When there's an open circuit on the signal wire, the solenoid is closed,
no vacuum goes to the actuator and a spring keeps the flapper open.
When the ECU pulls the solenoid circuit to ground (other side of
the solenoid is on 12v source) it opens the solenoid sending vacuum
to the actuator, closing the flapper valve. 
If you disconnect the vacuum line to the actuator then it creates
a vacuum leak which can, but rarely does, throw a code (same as
any small vacuum leak).
If you disconnect the ECU signal wire to the solenoid without
fooling the ECU with a 12v source and resistor, then it throws
a code saying it can't see the flapper solenoid.

Author: Daemon42


----------



## brittan (May 18, 2007)

jimkamen said:


> There is *no pump*.
> There is a vacuum reservoir with a check valve, fed by manifold vacuum.
> There's an electronically controlled vacuum solenoid attached to the reservoir
> which doles out vacuum to the vacuum actuator that actually drives the flapper
> ...


Well, if you want to believe that, that's fine.

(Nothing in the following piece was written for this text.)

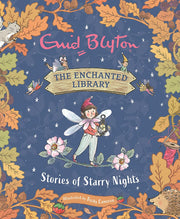 Enid Blyton The Enchanted Library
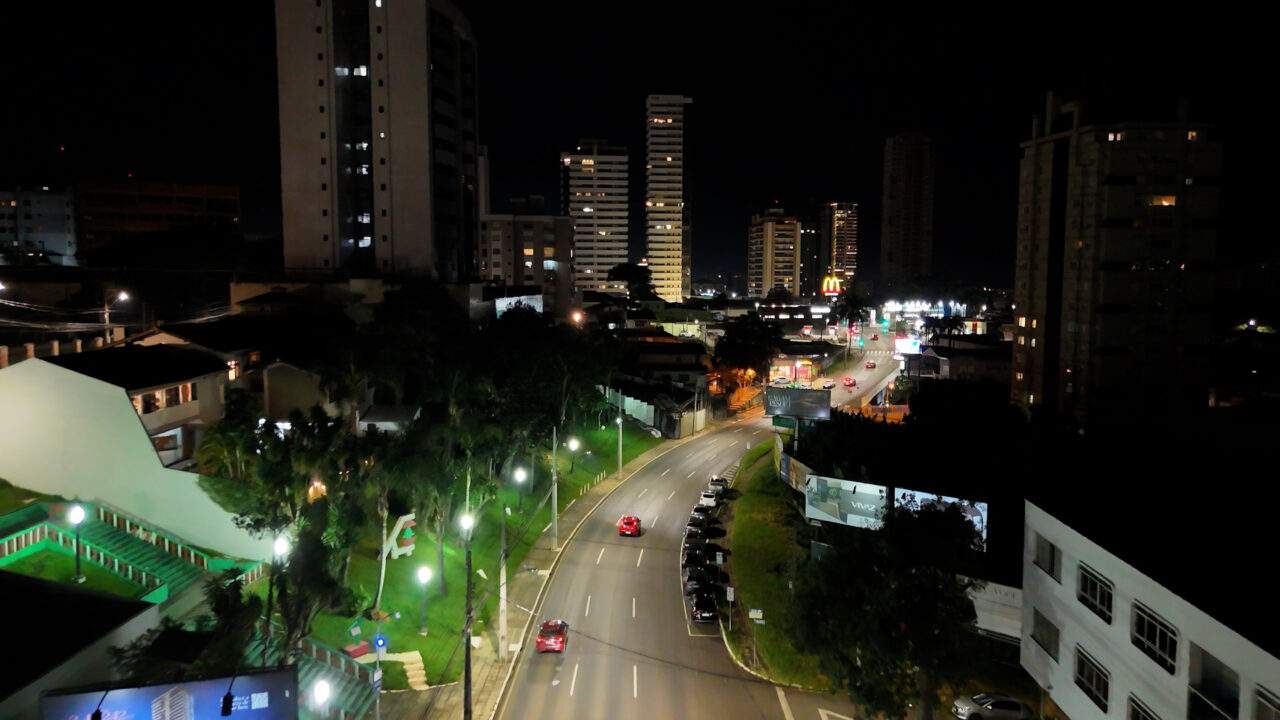 LED em Ponta Grossa (2)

The camshaft driven vacuum pump is on the RH side of the cylinder head as you look at the engine from the front.
It supplies the brake servo and the exhaust flap reservoir.

With no vacuum pump how do you think the vacuum in the reservoir is generated and replenished? 
It definitely will not be from the manifold on a TURBO CHARGED engine!!

The rest is more or less right but if you manually interrupt the wire to the solenoid (with a switch for instance) there is a continuity fault logged every time you operate the switch.

NB: when the solenoid goes from open to shut it also has to allow ambient pressure air into the downstream hose and flap actuator - otherwise the vacuum remains in that section of the system and the flap will not change position.


----------



## Danny1 (Sep 2, 2010)

Im still baffled why it matters at all to the OP tbh lol, there is a simple mod to have it open all the time, there are stainless systems if you want even more noise and then there is BCS stainless if you want a valved system with more noise and if you want the all singing all dancing one get the Armytrix.


----------



## xpoweruk (Feb 14, 2019)

I know this is an old post,but does anybody know the location of all the parts that operate the system ?


----------



## badger64 (Feb 17, 2019)

xpoweruk said:


> I know this is an old post,but does anybody know the location of all the parts that operate the system ?


for the ttrs the solonoid valve which activates the exhaust flap is located up behind the rear valance panel above the n/s tailpipe. follow the rubber vacuum hose from the flap actuator on tailpipe up to the plastic solonoid.


----------



## xpoweruk (Feb 14, 2019)

Where in the engine bay on a TTS does the hose go to get vacuum ?
My hose is just dangling free next to the noise generator on the UK passenger side of the engine bay.

I also have a vacuum leak causing P0171 code that I am struggling to locate


----------